I was curious about the physiological mechanism of how something works...
This probably should go in a critical care medicine/pulmonary forum if there was one. But here is the most traveled residency forum anyways, so hopefully someone will satisfy my curiousity about this.

We had a kid the other day who had congenital heart surgery.
During the first night after surgery, blood gas came back and he had a PCO2 of lower 40's and a pH of 7.41 I think. The nurse said we got to increase his rate on the vent to get his PCO2 down and pH up since the pediatric cardiac surgeon wanted to keep the kid at around mid 7.4 range. So we did that and the blood gas after the vent change came back with a PCO2 of 35 I believe and a pH of 7.46-47.
I know how an increase in rate on the vent would get the PCO2 down and the pH up(via the bicarb-CO2 and H2O equilibrium, increase rate=less CO2=less H+=higher pH)

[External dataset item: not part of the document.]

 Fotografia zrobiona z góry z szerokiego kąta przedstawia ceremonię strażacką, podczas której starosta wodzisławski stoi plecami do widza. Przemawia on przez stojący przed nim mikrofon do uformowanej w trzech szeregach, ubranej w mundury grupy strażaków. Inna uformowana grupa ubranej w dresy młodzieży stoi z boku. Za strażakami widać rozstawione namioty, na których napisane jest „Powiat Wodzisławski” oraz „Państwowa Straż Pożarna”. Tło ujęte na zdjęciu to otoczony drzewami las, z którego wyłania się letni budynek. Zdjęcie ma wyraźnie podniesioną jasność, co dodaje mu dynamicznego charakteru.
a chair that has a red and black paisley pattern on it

My question deals specifically with something else the nurse said. When I asked, she said that the reason why the PCO2 need to be kept low enough in these kids (ie not 40's) is because CO2 constricts blood flow through the pulmonary vasculature and therefore less bloodflow goes to the pulmonary bed. In this kid with a hypoplastic left heart, obviously this isn't ideal, so the CO2 needs to be kept low enough to not constrict bloodflow to the pulmonary bed.

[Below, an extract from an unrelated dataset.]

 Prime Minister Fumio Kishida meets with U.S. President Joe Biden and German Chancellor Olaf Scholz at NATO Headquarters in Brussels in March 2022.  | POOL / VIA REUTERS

Something else she said is what my question deals with. She said that CO2 constricts bloodflow pulmonary wise (and systemically) but CO2 has the direct opposite effect on the vessels in the brain. In the brain, CO2 dilates the vessels and hence a lack of CO2 would constrict the vessels in the brain.

My question is: How????

By what physiological mechanism can CO2, the same molecule, constrict blood vessels in the body and lungs, but dilate them in the head??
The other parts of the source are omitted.